Album

Birds & Plants & Rocks & Things

Seelenluft - Birds & Plants & Rocks & Things

Redaktionswertung: 
schlimm
schwach
mittelmäßig
gut
sehr schön
herausragend
Tears on the dancefloor

Es beginnt mit einer Cover-Version und endet mit einem entrücktem Instrumental. Dazwischen liegen ungefähr 40 Minuten eines wundersam gelungenen Albums.

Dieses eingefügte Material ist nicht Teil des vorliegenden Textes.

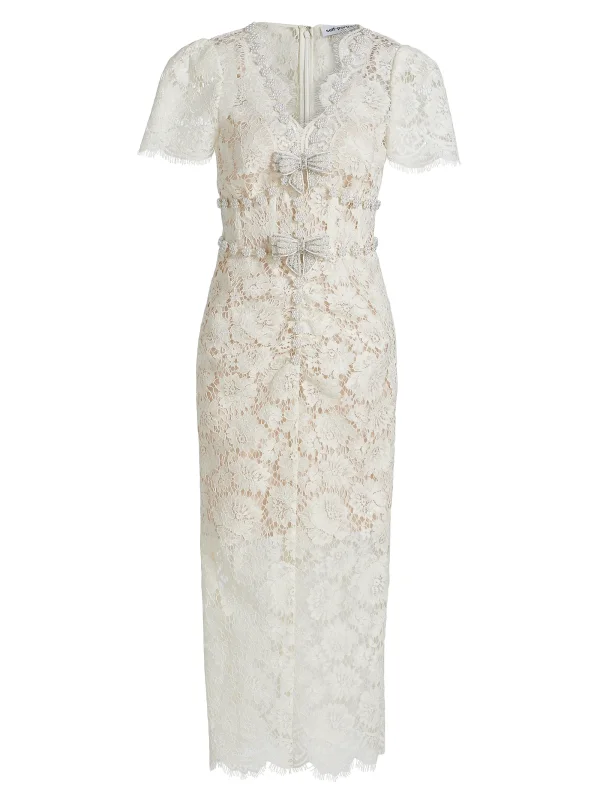 Self Portrait Lace Pearl Midi-Dress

Sich gleich zu Beginn als Opener mit dem America-Oldie anzulegen ist äußerst mutig. Aber Florian Horwath - der nach Grom ("My heart is a rocket") seine Stimme wieder einmal einem Elektronik-Projekt leiht - entlockt dem Stück eine bis dato unbekannte Melancholie, wovon es sich mit dem hier verlinkten Download zu überzeugen gilt.

Was folgt, ist ein wirklich großartiger Spagat zwischen Songwriting, Pop und Club: das Schweizer Mastermind Beat Solèr kreiert einen Sound, der sich breitbändig vor einem aufstellt, um sich dann verständnisvoll zu einem herunter zu beugen. Dieses Bild sei erlaubt, denn in den Tracks von Seelenluft spiegelt sich einerseits eine abgehobene Arroganz sowie gleichermaßen tiefgründige Sensibilität und sehnsüchtige Romantik wider. Und das Stück "Fantasy" steht dabei repräsentativ für die ganze Platte: fragil, aber keineswegs bescheiden.

An anderer Stelle verleiht Sängerin Julie Lee der Gesamtheit eine unbeschwerte Lässigkeit, und selbst eine Brise Ironie wird mit dem Barry White´eskem Pop-Chanson "Comme Dans Un Rêve" geboten.

Letzten Endes ein vielseitiges, brilliant produziertes und feinfühlig arrangiertes Album, der Seelenluft von dem gutem Geist befreit, den er damals selbst gerufen hatte: seinem Über-Track "Manila".